Exercise: In the data below, repeat the line containing "ACASIS DS0202 USB-C" and every following line exactly, up to and including the last line. Exclude pictures.

Recorded data:
▼

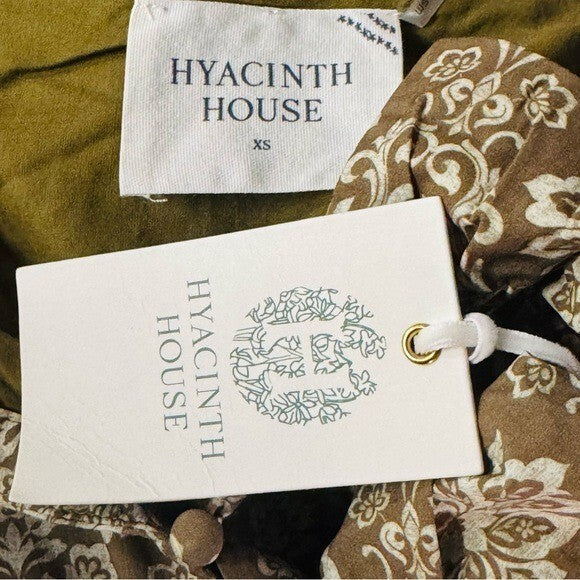 Hyacinth House | NEW Moss Printed Russell Mini Dress in Olive Size XS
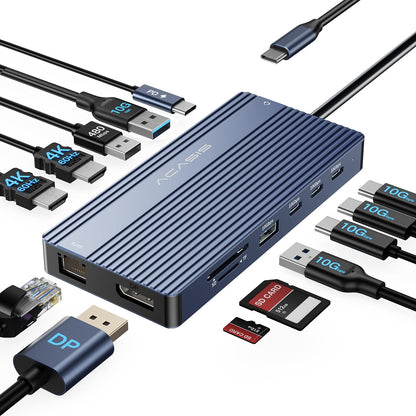 ACASIS DS0202 USB-C Docking Station 14-in-1 Dual Monitor 4K zur Anzeige auf bis zu drei Bildschirmen
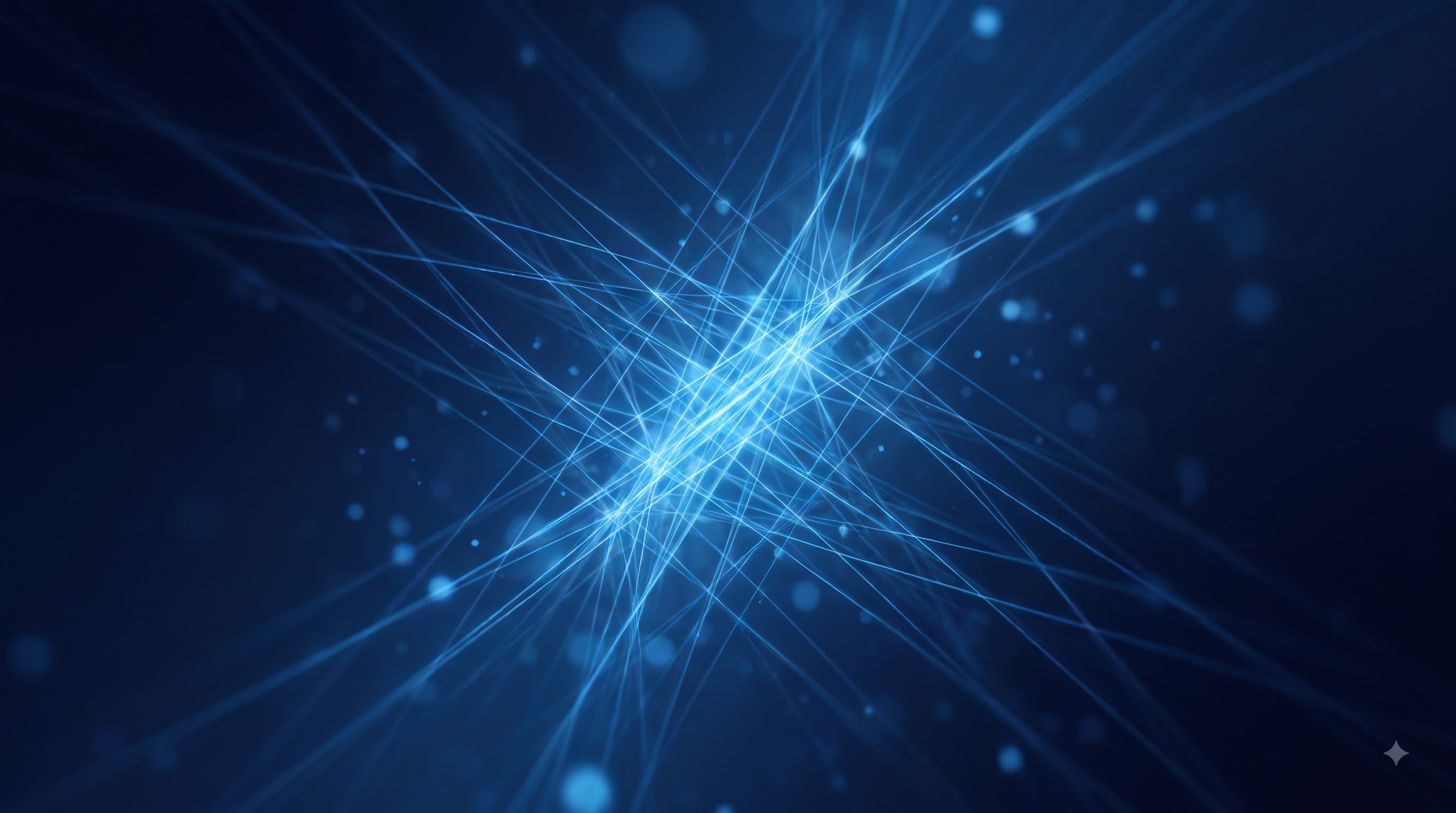 Strands of blue light crossing against a dark background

▲

Answer to this problem:
 ACASIS DS0202 USB-C Docking Station 14-in-1 Dual Monitor 4K zur Anzeige auf bis zu drei Bildschirmen
 Strands of blue light crossing against a dark background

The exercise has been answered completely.